**Task item**
Give back every record word for word, but keep the pictures out.

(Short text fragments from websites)
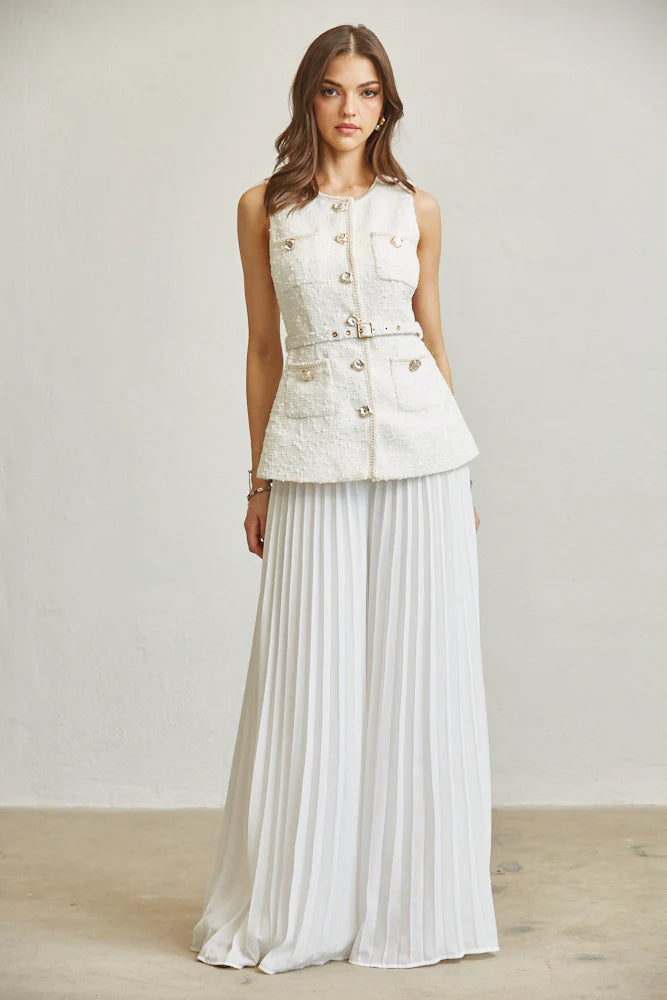 White Top & Pant Set        PREMIUM COLLECTION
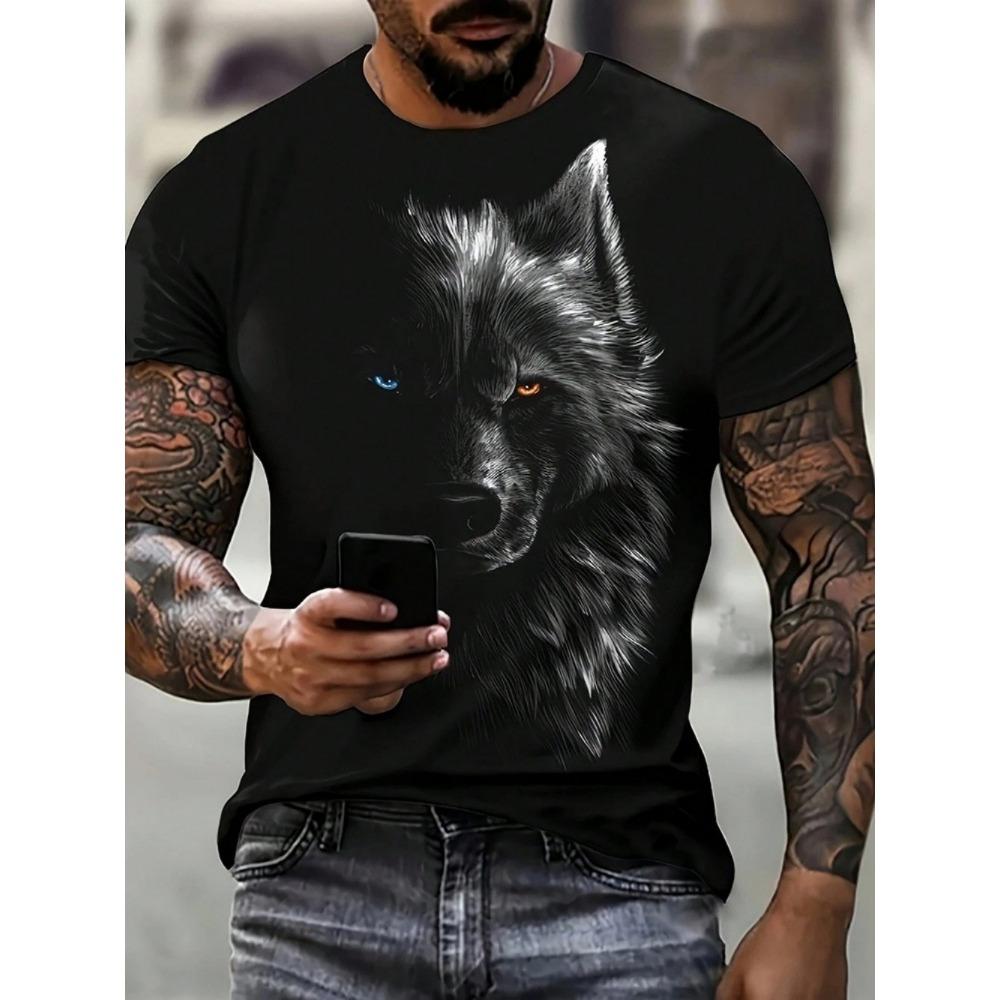 Fashionable Summer Men's Domineering Wolf Print Pattern Breathable Round Neck T-shirt Outdoor High Street Casual Top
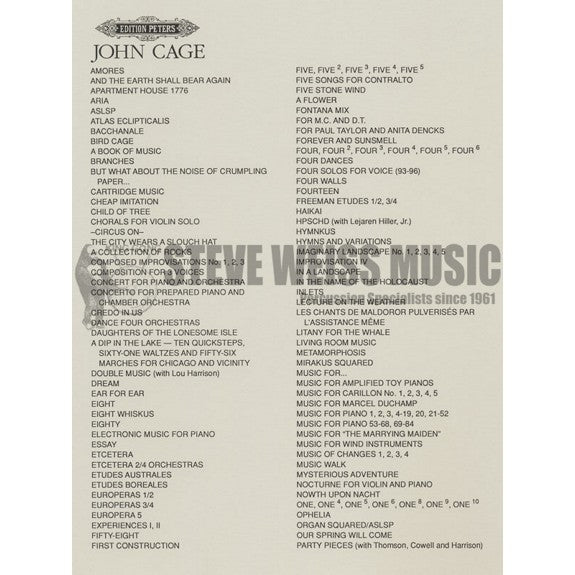 Cage-She Is Asleep, Duet for Voice & Prepared Piano(S)-VX/Prepared PN
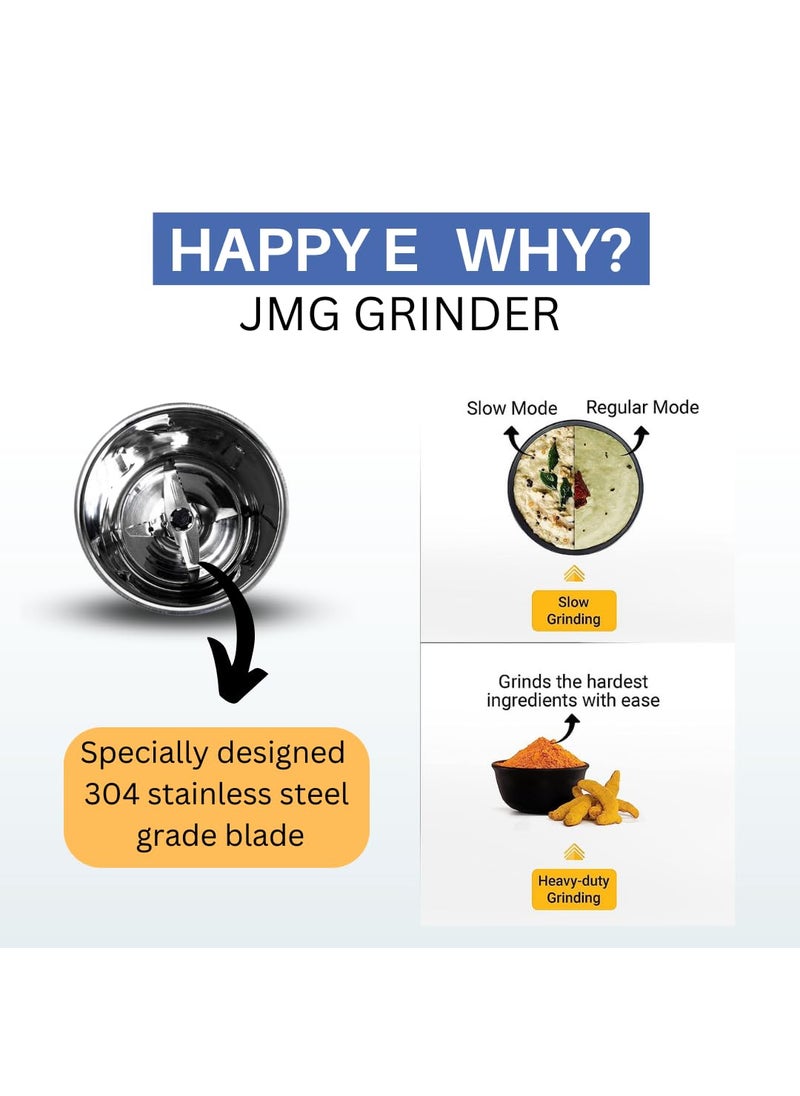 HAPPY E 1000ML Stainless Steel Grinder for Juicer Mixer Grinder Stainless Steel Mixi Jar Aluminum Base
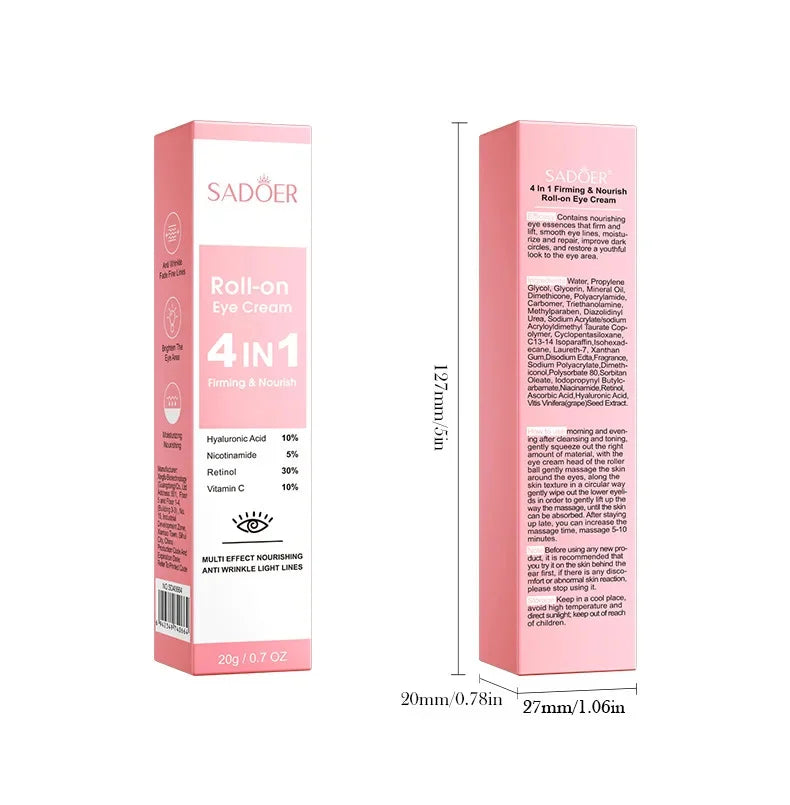 Instant Eye Bag Removal Cream Collagen Anti-Wrinkle Fade Fine Lines Firming Skin Anti Dark Circle Puffiness Brighten Eye Care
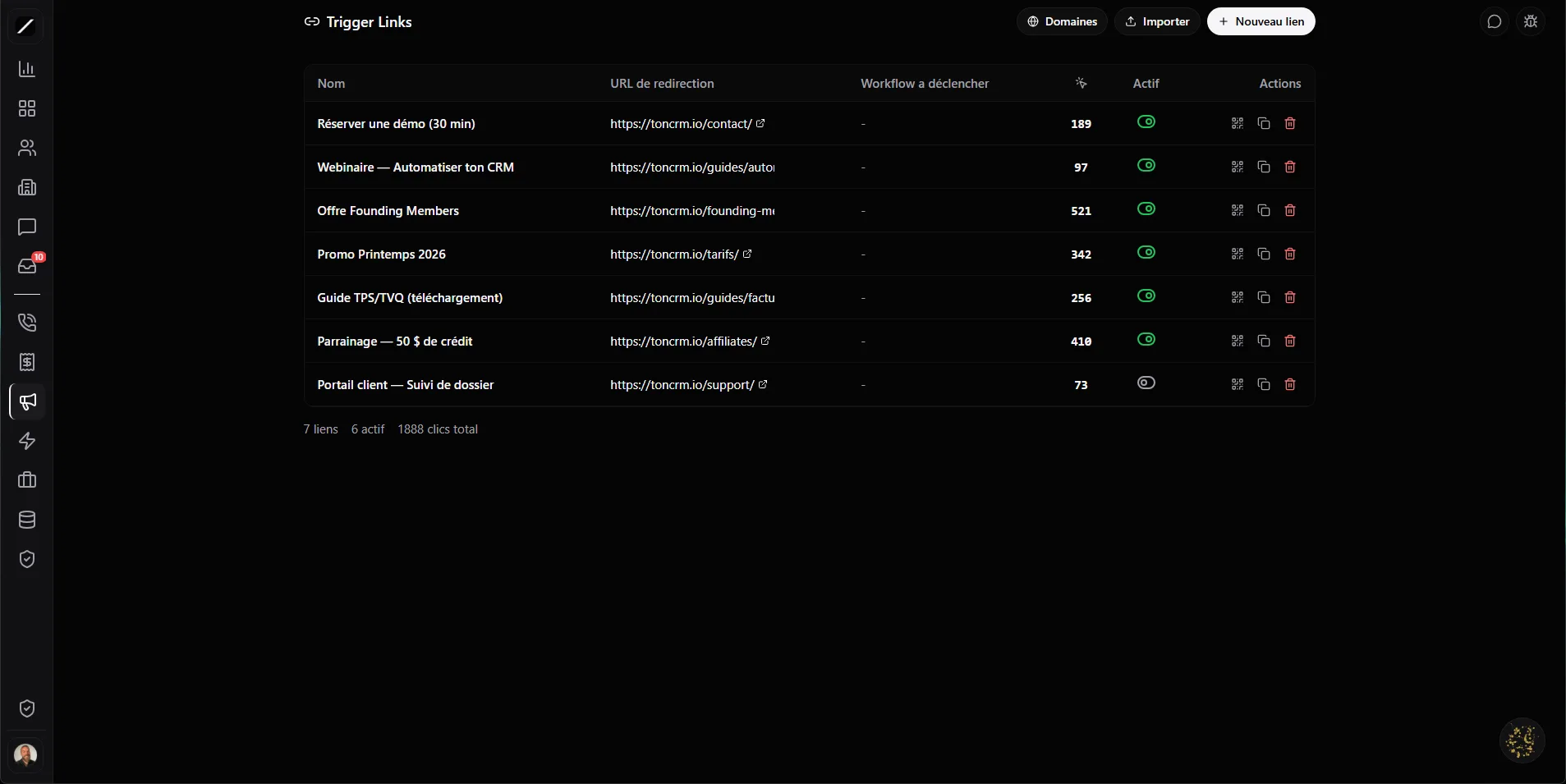 toncrm.io trigger links: tracked links with a click counter, campaigns and workflow triggers.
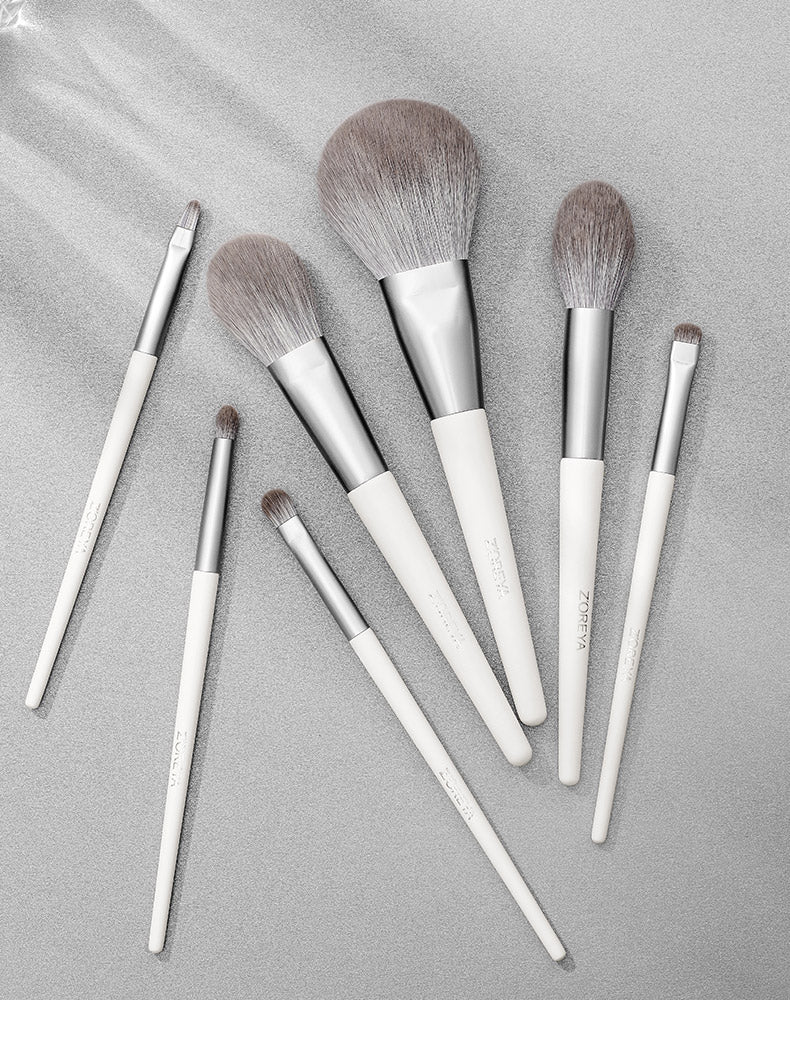 ZOREYA silver foxtail 10 makeup brushes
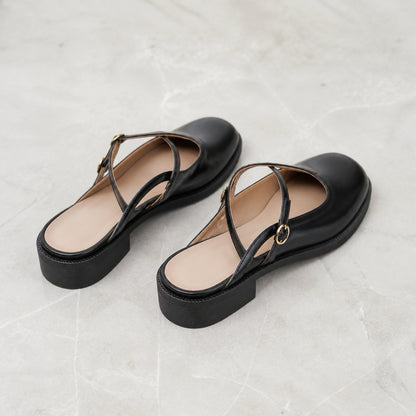 wedding guest shoes — Black backless Mary Jane pumps rear strap and block heel view — view 4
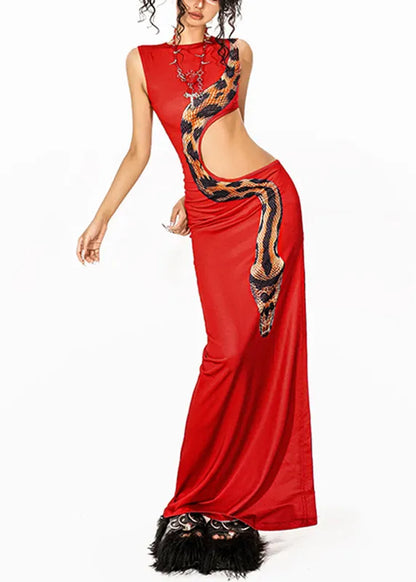 Slim Fit Red Python Print Hollow Out Vacation Maxi Dresses Summer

**Problem solution**
 White Top & Pant Set        PREMIUM COLLECTION
 Fashionable Summer Men's Domineering Wolf Print Pattern Breathable Round Neck T-shirt Outdoor High Street Casual Top
 Cage-She Is Asleep, Duet for Voice & Prepared Piano(S)-VX/Prepared PN
 HAPPY E 1000ML Stainless Steel Grinder for Juicer Mixer Grinder Stainless Steel Mixi Jar Aluminum Base
 Instant Eye Bag Removal Cream Collagen Anti-Wrinkle Fade Fine Lines Firming Skin Anti Dark Circle Puffiness Brighten Eye Care
 toncrm.io trigger links: tracked links with a click counter, campaigns and workflow triggers.
 ZOREYA silver foxtail 10 makeup brushes
 wedding guest shoes — Black backless Mary Jane pumps rear strap and block heel view — view 4
 Slim Fit Red Python Print Hollow Out Vacation Maxi Dresses Summer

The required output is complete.